Workers suffer when their employers lack information about PBMs

Putting patients first: Workers suffer when their employers lack critical information about PBMs

BIO PBM employer

This is the fifth in a series of Bio.News articles looking at the need for pharmacy benefit manager reform through the lens of the patient. Middlemen too often act in ways that pad their bottom line, but this is not simply a narrative about how money is diverted into PBM coffers. Examining the larger story about the ways that patients are left vulnerable is critical in understanding why changes are required

Patients do not, in general, “choose” their PBM. They pick their employer, and that employer gets to select the PBM. So a patient’s experience depends heavily on the PBM that that their employer picks.

Therefore, it’s vital that employers have all the information they need to make a smart choice for their workers. But far too often, America’s employers are kept in the dark:

  • The KFF Employer Health Benefits Survey asked employers if they knew how much of the rebates collected by their PBM they received back. Rebates are a key part of the financial arrangement between employers and PBMs, yet more than one in three respondents to the KFF survey said they didn’t know, a clear sign of an opaque market.
  • The National Alliance of Healthcare Purchaser Coalitions also surveyed employers on what they wanted out of their PBM. While a majority said they wanted “full disclosure of all revenue streams with affiliated pharmacy-related entities,” only a quarter of the employers polled said they had that level of access right now.

These are not new concerns, yet issues with transparency persist. That suggests that congressional reforms are needed to ensure that the highly concentrated PBM industry doesn’t deprive their commercial partners—employers—of the information they need to make the right decisions for patients.

  • Nearly all of the bills that have passed congressional committees or are under consideration have transparency provisions, most of which are designed to ensure that employers have access to the data they need to do right by their workers.
  • The House-passed Lower Costs, More Transparency Act includes transparency provisions that the Congressional Budget Office suggests could save $2 billion by forcing PBMs to disclose rebates and discounts, making clear the true costs of prescription drugs.

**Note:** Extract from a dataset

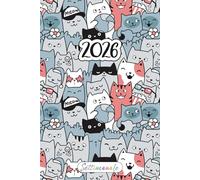 Agenda Semainier 2026 A5: Planificateur Hebdomadaire Horizontale | 12 Mois, de Janvier à Décembre | Planner Français avec Vue Semaine sur Deux Pages | Chats
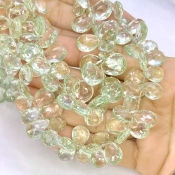 Green Amethyst 11-14mm Briolette Pear Shape AA Grade Gemstone Beads Strand - Total 1 Strand of 8 Inch.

BIO’s View: PBMs are a black box, generating billions every year in profits for the big insurance companies that own them. OptumRx, for instance, has booked more than $1 billion in earnings from operations for 10 consecutive quarters. Yet where those dollars come from remains a mystery, even to the business partners who entrust the financial and physical health of their employees to those PBMs. Injecting more transparency into the system is the least that reform legislation can do, but such an effort is critical to unlocking competition and true choice for employers, not to mention helping patients.